Sector action remains broadly negative, with Gold/Silver (XAU.X) 67.20 -0.68% still today's sector winner, but a broader market equity bull might like the fact that the XAU.X is off its best levels of the session. Earlier this morning at the 11:00 AM EST hour, all other sectors were showing declines, but the HMO Index (HMO.X) 534 +0.15% and Utility Index (UTY.X) 247.70 +0.39% have edged into positive territory.
The broader S&P 500 Index (SPX.X) 851.82 -1.35% has received a bounce from its session lows of 843.48 and has been able to claw its way back above its WEEKLY S1 pivot analysis level of support of 850. Here too is a technical level from the point and figure chart of the SPX where a triple-top buy signal of 835 was generated on March 17th, which further triggered a rally to the recent relative highs of 895. This morning's decline to 843.68 did bring the SPX back into the top of some past consolidation where I look for "old bears" to try and cover at either break- even, or fractional losses after seeing an SPX decline to 790 be quickly erased two weeks ago as early coalition success in Iraq was found.
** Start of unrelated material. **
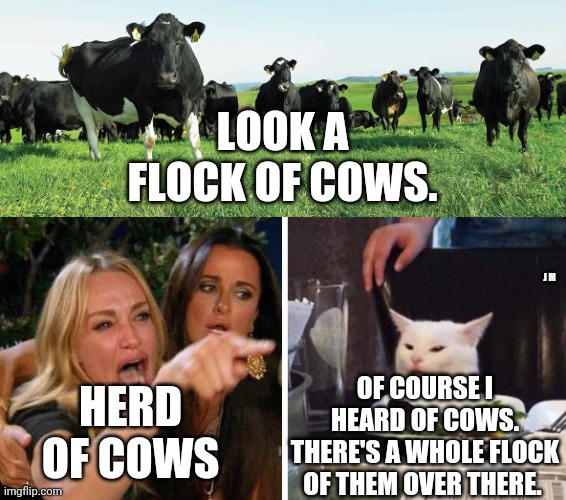 LOOK A FLOCK OF COWS. J M; HERD OF COWS; OF COURSE I HEARD OF COWS. THERE'S A WHOLE FLOCK OF THEM OVER THERE. | image tagged in smudge the cat | made w/ Imgflip meme maker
The NASDAQ-100 Index (NDX.X) 1,023.40 -2.2% did trade its conventional retracement 38.2% (1,017.99) level of support this morning at 1,018, but this is a level that served resistance for all of February, which under current testing should definitely (in my opinion) find buyers. It was at this level of NDX trade that I (Jeff Bailey) as a previous bear on this index, had to consign defeat on the break higher. With that past thought, I would not have to be a buyer at these level, and at least be looking for a technical bounce back near the 1,050 level in sessions to come.
Treasuries are starting to steady after a strong round of buying this morning. As mentioned in previous Index Trader Wraps and in Friday evening's market monitor, I looked like the 10-year YIELD ($TNX.X) might find buyers to 3.8%-3.75%, but that we might expect that level to find sellers. This morning's low YIELD trade of 3.797% is within the range of YIELD support that I had tried to correlated a Dow Industrials trade of 8,050-8,000. Again, I like these correlation near-term as levels for partial bullish entry points.